Sheriff John W. Hawkins, 47, of Philipi, pleaded guilty in U.S. District Court in Elkins to a felony Information charging him with mail fraud, U.S. Attorney William Ihlenfeld said.

Hawkins admitted he drove his 2004 GMC Envoy off the road and hit a tree April 13 and then, with the assistance of one of his deputies, fabricated a report and filed a claim with Nationwide Insurance Co. Nationwide paid him $8,262.65 for damages.

A review of the claim file, however, revealed inconsistencies, Ihlenfeld said. Photos taken by the insurance adjuster and information from the vehicle's data recorder contradicted Hawkins' version of events and witnesses familiar with the scheme also advised investigators that Hawkins' had lied, Ihlenfeld said.

Authorities said Hawkins used the U.S. mail to file the fraudulent claim. He also used his official Barbour County email account to communicate with Nationwide regarding the false claim.

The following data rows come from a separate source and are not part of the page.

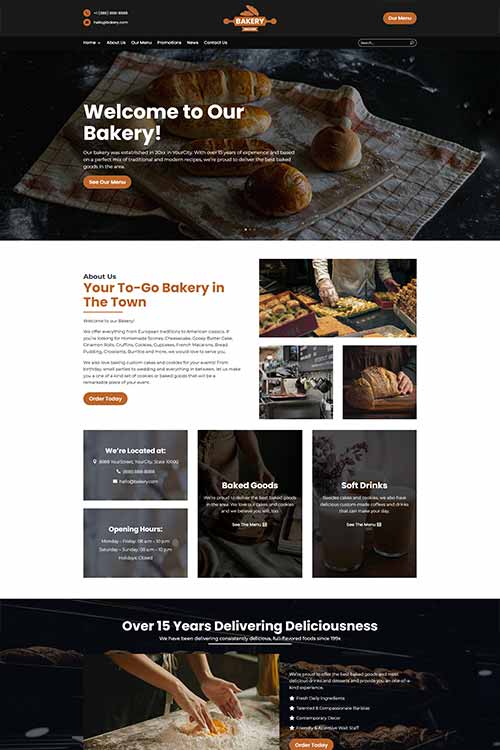 Bakery web design #1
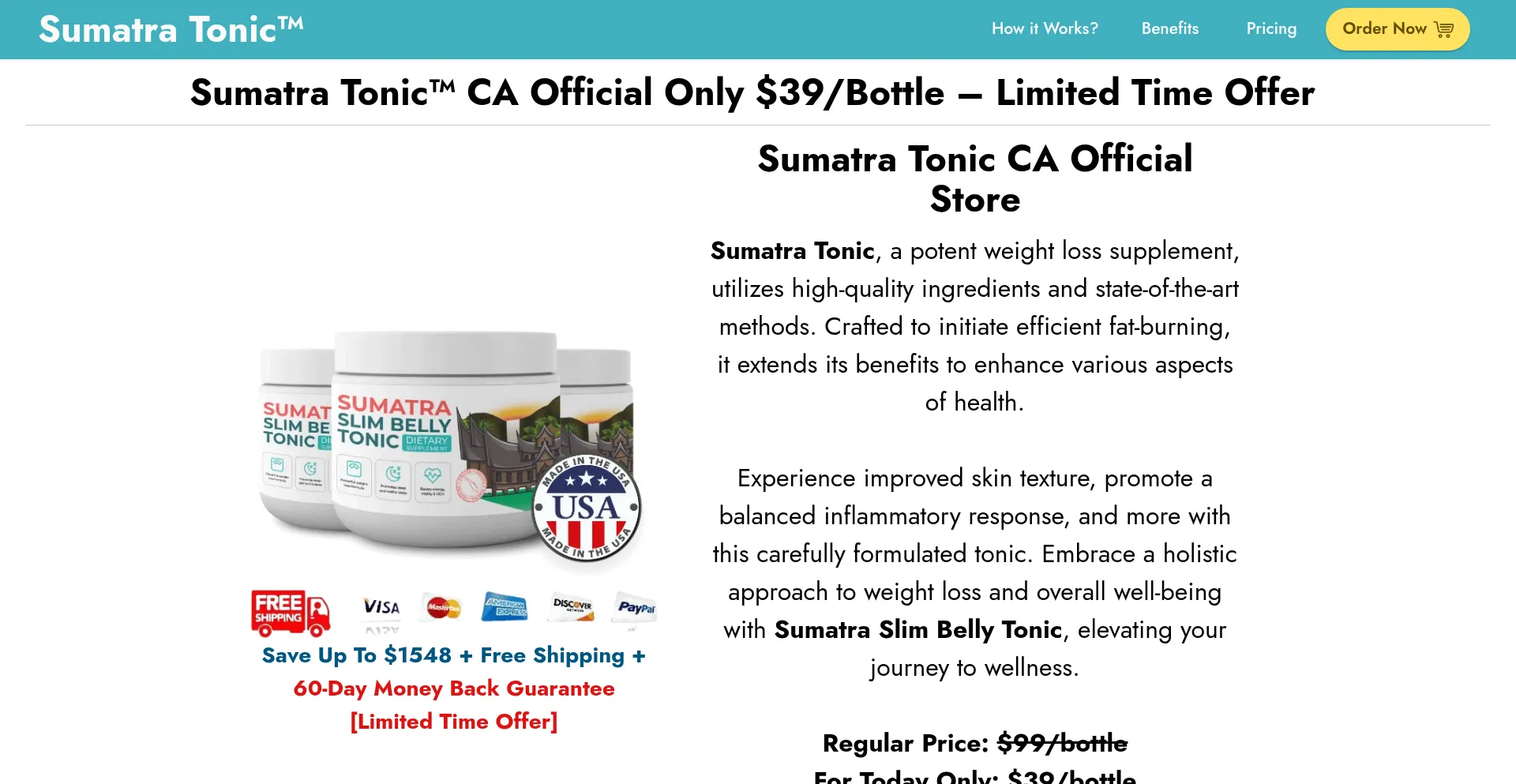Website screenshot of Sumatra--tonic.ca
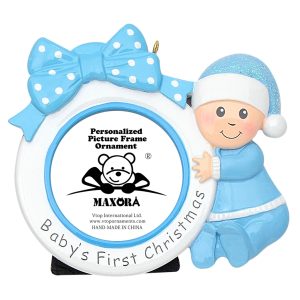 Maxora Baby's First Bow Photo Frame Personalized Ornament Boy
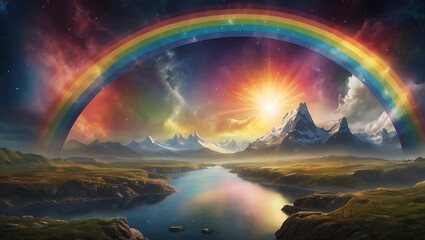 A vibrant digital illustration of Bifröst, the Norse rainbow bridge connecting Asgard and Midgard, with brilliant colors and celestial effects, with space for text.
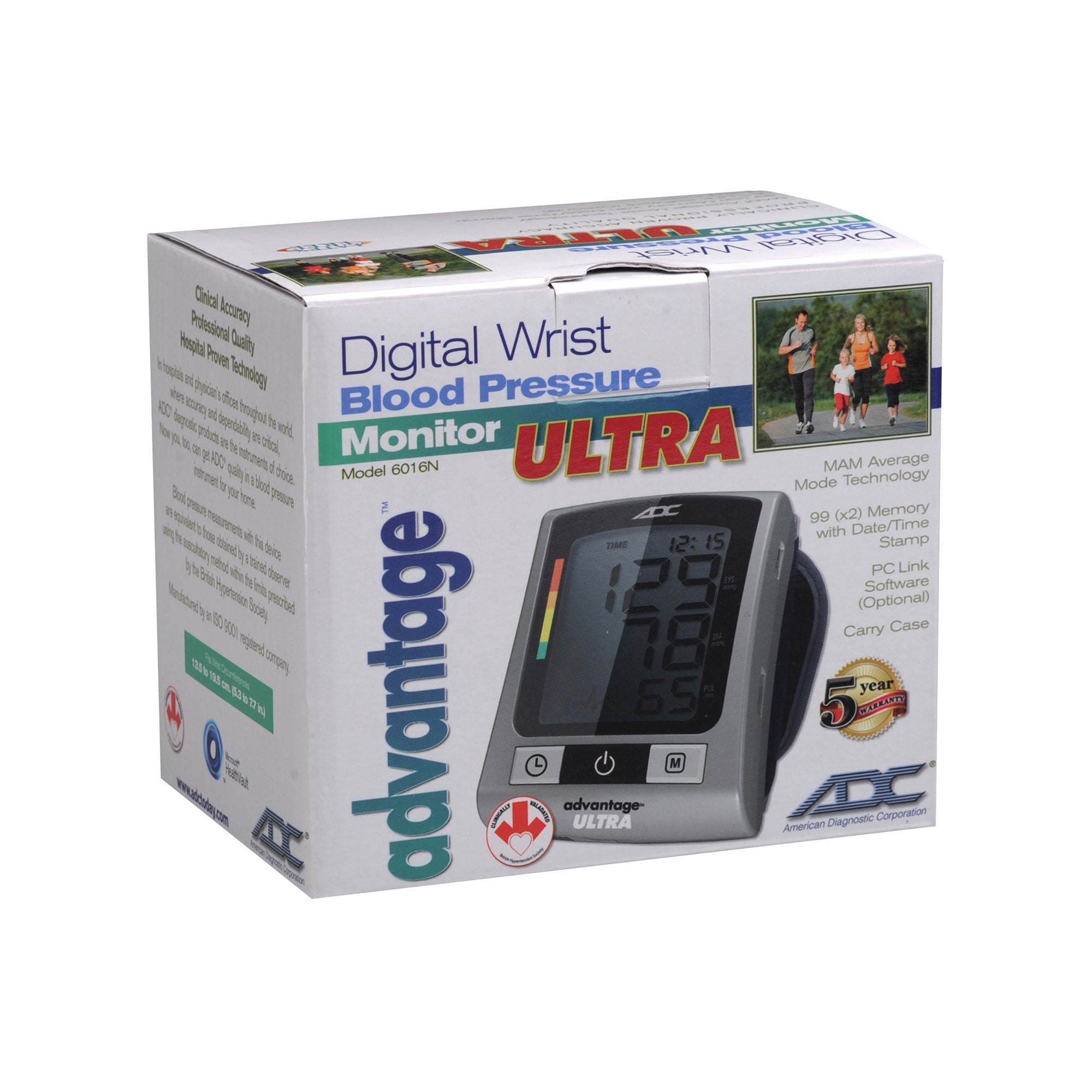Home Automatic Digital Blood Pressure Monitor Advantage™ Ultra Series Adult Cuff Nylon Cuff 13.5 - 19.5 cm Wrist - image 2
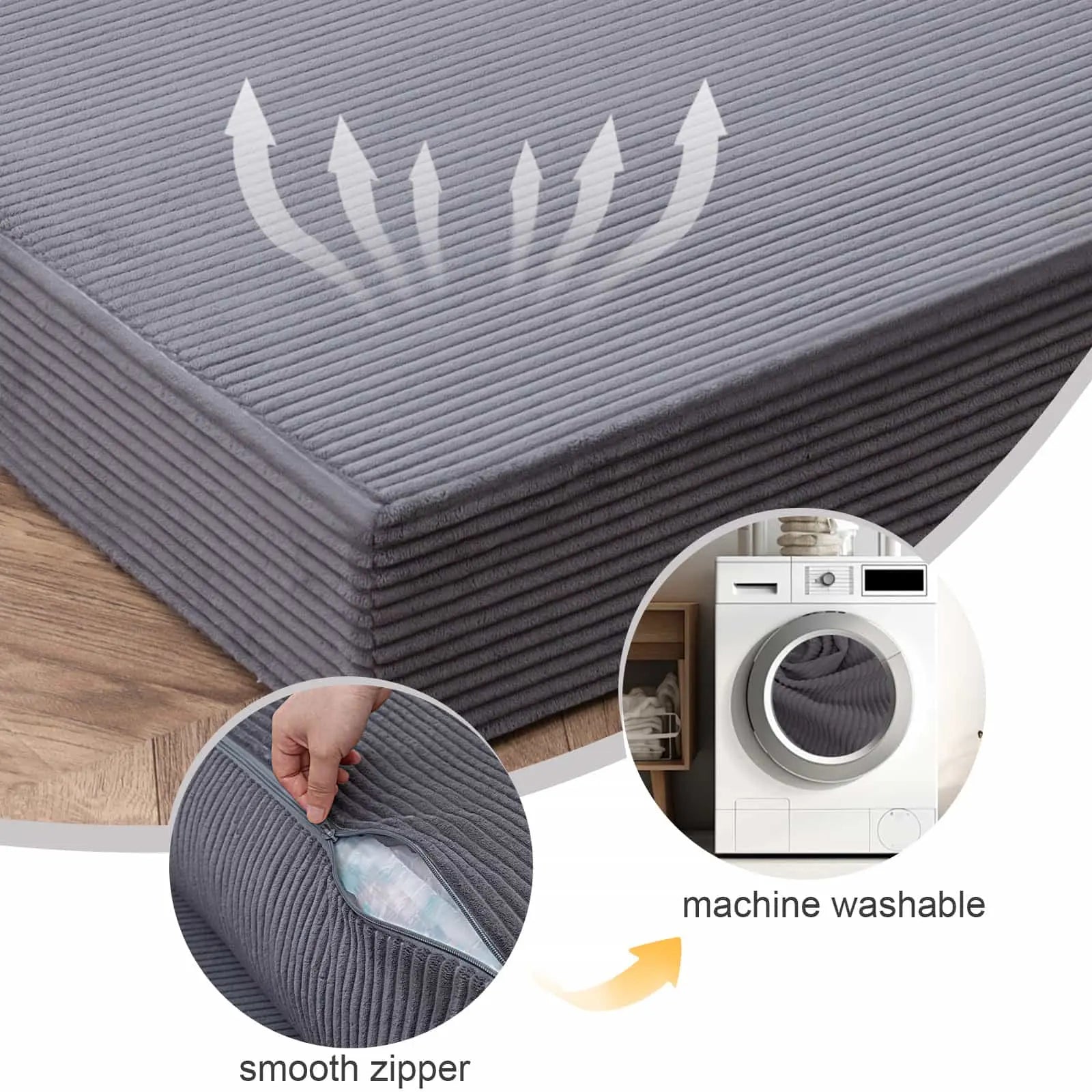 COMAX Floor Couch Bed offers a removable, machine washable cover.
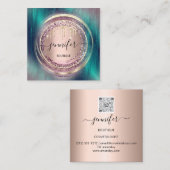 QR Code Logo Winkelen Groen Roos Gold Drivers Circ Vierkante Visitekaartje (Voorkant / Achterkant)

"The defendant used his position as sheriff to take advantage of the insurance claims process and to receive a substantial financial benefit," Ihlenfeld said. "The false accident report that he ordered his deputy to create helped to substantiate his claim, as did the fact that he was a law enforcement officer himself. By abusing the authority of his position Sheriff Hawkins violated the trust that the citizens of Barbour County placed in him when he was elected."

As part of his plea agreement, Hawkins must make full restitution to Nationwide. He also was required to resign as sheriff, to relinquish his West Virginia Law Enforcement Certification, and to agree to never again serve as a law enforcement officer.

In return, the U.S. Attorney's Office agreed not to pursue other investigations into Hawkins' conduct, including his alleged mishandling of an estate in his official capacity as sheriff, allegations of missing funds from the sheriff's tax office and potential civil rights violations.

The investigation into others who may have been involved in the scheme is ongoing, Ihlenfeld said.

Hawkins faces up to 20 years in prison and a fine of up to $250,000 when he is sentenced. Under the Federal Sentencing Guidelines the actual sentence imposed will be based upon the seriousness of the offense and his prior criminal history, if any.

This case was prosecuted by Assistant U.S. Attorney John C. Parr and investigated by the U.S. Attorney's Office Public Corruption Unit. Agents and officers from the Federal Bureau of Investigation and the West Virginia State Police led the inquiry. Assistance was provided by the West Virginia Insurance Commission, Fraud Investigations Division.